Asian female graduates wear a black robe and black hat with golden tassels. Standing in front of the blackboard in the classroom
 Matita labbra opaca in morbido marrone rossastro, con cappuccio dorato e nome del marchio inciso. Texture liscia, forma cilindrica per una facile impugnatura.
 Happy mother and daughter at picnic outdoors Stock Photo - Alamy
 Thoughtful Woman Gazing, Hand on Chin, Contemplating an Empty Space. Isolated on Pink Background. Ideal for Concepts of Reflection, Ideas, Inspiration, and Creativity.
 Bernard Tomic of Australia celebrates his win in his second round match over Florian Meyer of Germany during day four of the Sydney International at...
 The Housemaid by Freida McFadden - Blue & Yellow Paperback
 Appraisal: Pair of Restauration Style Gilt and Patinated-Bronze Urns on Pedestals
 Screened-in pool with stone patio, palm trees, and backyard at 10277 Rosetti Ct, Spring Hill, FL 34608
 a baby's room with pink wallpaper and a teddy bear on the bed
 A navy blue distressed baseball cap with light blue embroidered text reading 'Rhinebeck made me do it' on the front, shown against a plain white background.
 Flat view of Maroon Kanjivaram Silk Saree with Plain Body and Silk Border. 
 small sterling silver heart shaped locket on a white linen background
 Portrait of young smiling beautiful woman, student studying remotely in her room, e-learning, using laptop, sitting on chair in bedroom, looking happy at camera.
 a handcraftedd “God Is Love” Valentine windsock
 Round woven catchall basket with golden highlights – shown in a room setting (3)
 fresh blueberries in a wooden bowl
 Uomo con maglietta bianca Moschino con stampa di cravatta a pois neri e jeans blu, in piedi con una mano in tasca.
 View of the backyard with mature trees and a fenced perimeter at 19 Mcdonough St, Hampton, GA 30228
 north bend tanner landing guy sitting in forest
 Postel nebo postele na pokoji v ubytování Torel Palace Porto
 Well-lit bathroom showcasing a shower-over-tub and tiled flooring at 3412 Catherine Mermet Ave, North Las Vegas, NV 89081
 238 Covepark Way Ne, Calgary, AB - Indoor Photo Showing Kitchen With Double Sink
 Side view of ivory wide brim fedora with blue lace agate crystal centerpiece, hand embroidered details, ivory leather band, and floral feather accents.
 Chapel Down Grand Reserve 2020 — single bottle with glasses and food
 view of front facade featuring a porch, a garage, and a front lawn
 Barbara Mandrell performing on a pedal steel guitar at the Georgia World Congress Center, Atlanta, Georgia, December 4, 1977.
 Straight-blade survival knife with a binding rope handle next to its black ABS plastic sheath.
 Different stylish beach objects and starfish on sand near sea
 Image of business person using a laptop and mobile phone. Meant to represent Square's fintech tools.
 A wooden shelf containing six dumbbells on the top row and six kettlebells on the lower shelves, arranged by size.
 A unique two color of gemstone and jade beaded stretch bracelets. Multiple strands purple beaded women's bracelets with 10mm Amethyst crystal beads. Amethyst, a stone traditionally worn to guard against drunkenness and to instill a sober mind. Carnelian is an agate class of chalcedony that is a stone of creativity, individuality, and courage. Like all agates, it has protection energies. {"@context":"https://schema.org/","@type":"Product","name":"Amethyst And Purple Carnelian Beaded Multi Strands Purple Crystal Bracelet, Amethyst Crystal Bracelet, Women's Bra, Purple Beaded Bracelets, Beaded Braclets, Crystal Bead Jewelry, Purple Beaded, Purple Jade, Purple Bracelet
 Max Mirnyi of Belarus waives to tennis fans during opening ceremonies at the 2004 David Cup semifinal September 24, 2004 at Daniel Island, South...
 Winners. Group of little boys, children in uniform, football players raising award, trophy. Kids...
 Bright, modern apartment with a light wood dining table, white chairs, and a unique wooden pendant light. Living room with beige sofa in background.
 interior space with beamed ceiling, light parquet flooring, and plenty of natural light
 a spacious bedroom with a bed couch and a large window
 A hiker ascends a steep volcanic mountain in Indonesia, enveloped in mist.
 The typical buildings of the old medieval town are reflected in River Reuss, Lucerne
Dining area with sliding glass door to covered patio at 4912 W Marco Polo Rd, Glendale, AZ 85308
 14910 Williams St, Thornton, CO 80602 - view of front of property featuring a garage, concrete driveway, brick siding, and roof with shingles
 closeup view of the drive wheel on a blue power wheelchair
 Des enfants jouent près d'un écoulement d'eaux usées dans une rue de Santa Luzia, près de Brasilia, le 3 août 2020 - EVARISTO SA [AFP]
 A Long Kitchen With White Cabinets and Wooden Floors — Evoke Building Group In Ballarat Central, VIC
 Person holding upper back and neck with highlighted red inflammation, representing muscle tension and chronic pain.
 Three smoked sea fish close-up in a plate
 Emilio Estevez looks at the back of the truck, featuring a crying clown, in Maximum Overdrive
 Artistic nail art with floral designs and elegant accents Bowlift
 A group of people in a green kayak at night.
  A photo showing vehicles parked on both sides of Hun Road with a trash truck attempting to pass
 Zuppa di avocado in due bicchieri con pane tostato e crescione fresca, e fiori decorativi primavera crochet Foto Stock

» **WHAT THE EXERCISE ASKS**
Starting at the first line of the listing, retype every line up to and including the one with "Appraisal: Pair of".

» **EXPECTED OUTPUT**
Asian female graduates wear a black robe and black hat with golden tassels. Standing in front of the blackboard in the classroom
 Matita labbra opaca in morbido marrone rossastro, con cappuccio dorato e nome del marchio inciso. Texture liscia, forma cilindrica per una facile impugnatura.
 Happy mother and daughter at picnic outdoors Stock Photo - Alamy
 Thoughtful Woman Gazing, Hand on Chin, Contemplating an Empty Space. Isolated on Pink Background. Ideal for Concepts of Reflection, Ideas, Inspiration, and Creativity.
 Bernard Tomic of Australia celebrates his win in his second round match over Florian Meyer of Germany during day four of the Sydney International at...
 The Housemaid by Freida McFadden - Blue & Yellow Paperback
 Appraisal: Pair of Restauration Style Gilt and Patinated-Bronze Urns on Pedestals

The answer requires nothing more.